The northern regions of Korea have many cultural differences from the rest of Korea. North Korea as a whole still holds traditional Korean culture and values in high esteem, while South Korea, due to its open borders and global popularity, is undergoing globalization.

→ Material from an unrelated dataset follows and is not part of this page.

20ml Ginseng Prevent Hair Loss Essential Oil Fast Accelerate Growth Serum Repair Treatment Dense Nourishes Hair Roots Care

There are two dialects of Korean native to the region: the Northeast Dialect (東北 方言/동북 방언 tongbuk-pang'ŏn) and the Ryukchin Dialect (六鎭 方言/륙진 방언 ryukjin-pang'ŏn). The Northeast Dialect, also known as the Hamgyŏng dialect (咸鏡 方言/함경 방언), is the main variety of Korean spoken throughout the region. The Ryukchin dialect, also known as the Yukjin dialect (Pyojuneo: 육진 방언) or Nyuup-mal (뉴웁말), is a unique dialect of Korean spoken primarily by the Chaegasŭng, an ethnic group native to northern Korea near Tumen river who were descended from the Jurchens, Manchus and other Tungusic peoples. Since the 1950s, the Chaegasung have been forcibly assimilated into Korean culture and society.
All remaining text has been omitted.